ПЕКИН. Вскоре после того как Совет Федеральной резервной системы Соединенных Штатов объявил о втором раунде «количественного послабления» (известного как QE2), Народный банк Китая (НБК), китайский центральный банк, объявил о двух увеличениях на 0,5 процентных пунктов требуемой нормы резервного покрытия (ТНРП) банковских депозитов. Сегодня ТНРП составляет 18,5%, ‑ исторический максимум, даже в глобальном масштабе.
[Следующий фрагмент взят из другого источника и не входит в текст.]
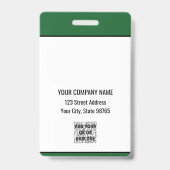 Custom Business Logo Basic Barcode Employee Badge (Back)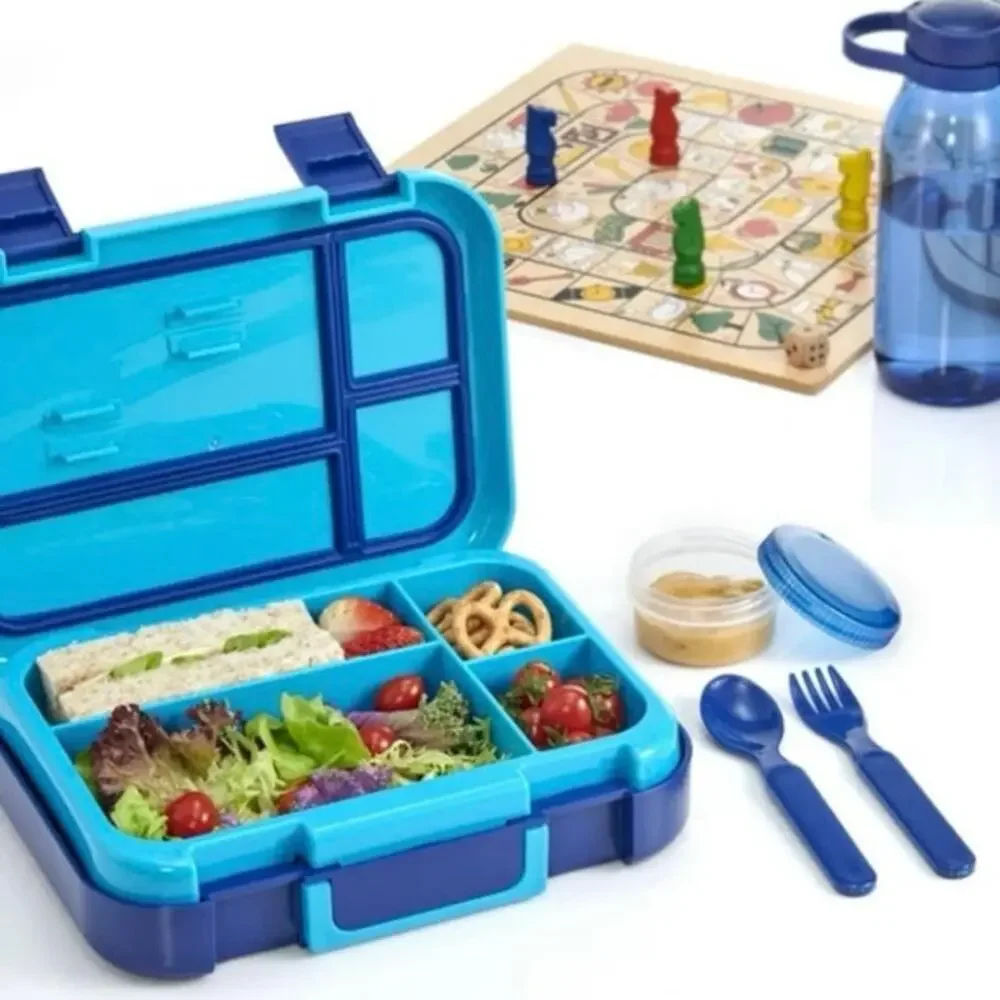 Your Zone Blue Bento Lunch Box with Utensils Condiment Container Dishwasher Safe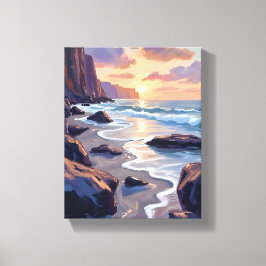 Big Sur, Californië kust kunstschilderij Canvas Afdruk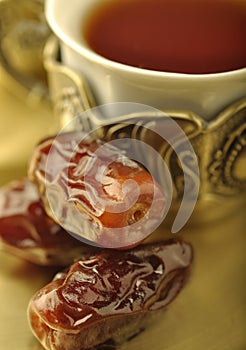 Close up of tea and dates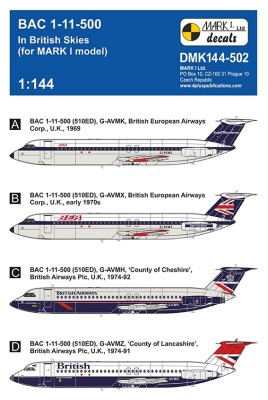 4+ Publications DMK144502 Decals BAC 1-11-500 'In British Skies' 1/144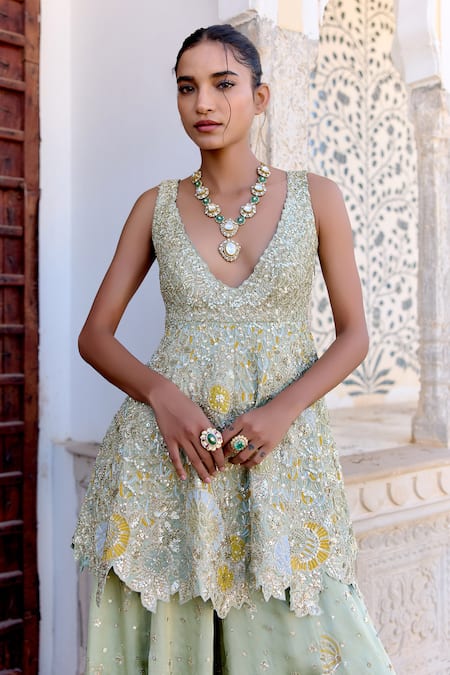 Buy Osaa By Adarsh Green Satin, Silk Embroidery, Sequins V-neck Peplum Top And Gharara Set Online at Aza Fashions Buy_Osaa By Adarsh_Green Satin, Silk Embroidery, Sequins V-neck Peplum Top And Gharara Set _Online_at_Aza_Fashions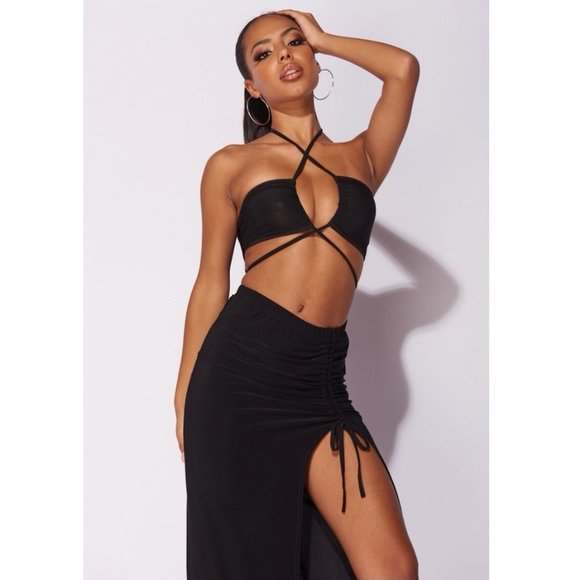Black Sleeveless Halter Neck Crop Top and High Waist Maxi Skirt Two Piece Set - Picture 3 of 14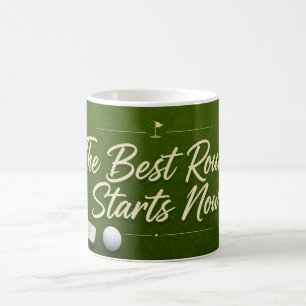 Caneca De Café Aposentadoria de golfe temática em verde
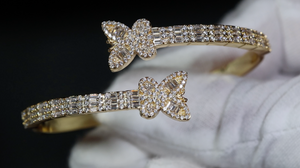 Gold Diamond Butterfly Bracelet | Iced Bracelet | Butterfly Bracelet | Diamond Butterfly Bangle | Baguette Bracelet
В то время как ФРС планирует накачать деньгами экономику США, НБК пытается уменьшить количество денег в обращении в Китае. Деньги, используемые коммерческими банками для удовлетворения ТНРП, которые хранятся на счетах НБК, больше не могут использоваться для расширения кредитных линий. В результате в настоящее время в Китае заморожено или неактивно больше денег, чем когда-либо.

Понятно, что ФРС хочет повысить спрос, пока американская экономика остается в подавленном состоянии. Но почему НБК так сильно ужесточил денежно-кредитную политику? Китайская экономика не перегревается. Рост по-прежнему высок, около 10% в год, но он начал замедляться. И в то время как инфляция вызывает некоторую озабоченность ‑ поднявшись до 4,4% в годовом исчислении в октябре с 3,6% в сентябре ‑ это не может объяснить, почему НБК поднимал в начале этого года ТНРП три раза, когда инфляция была ниже.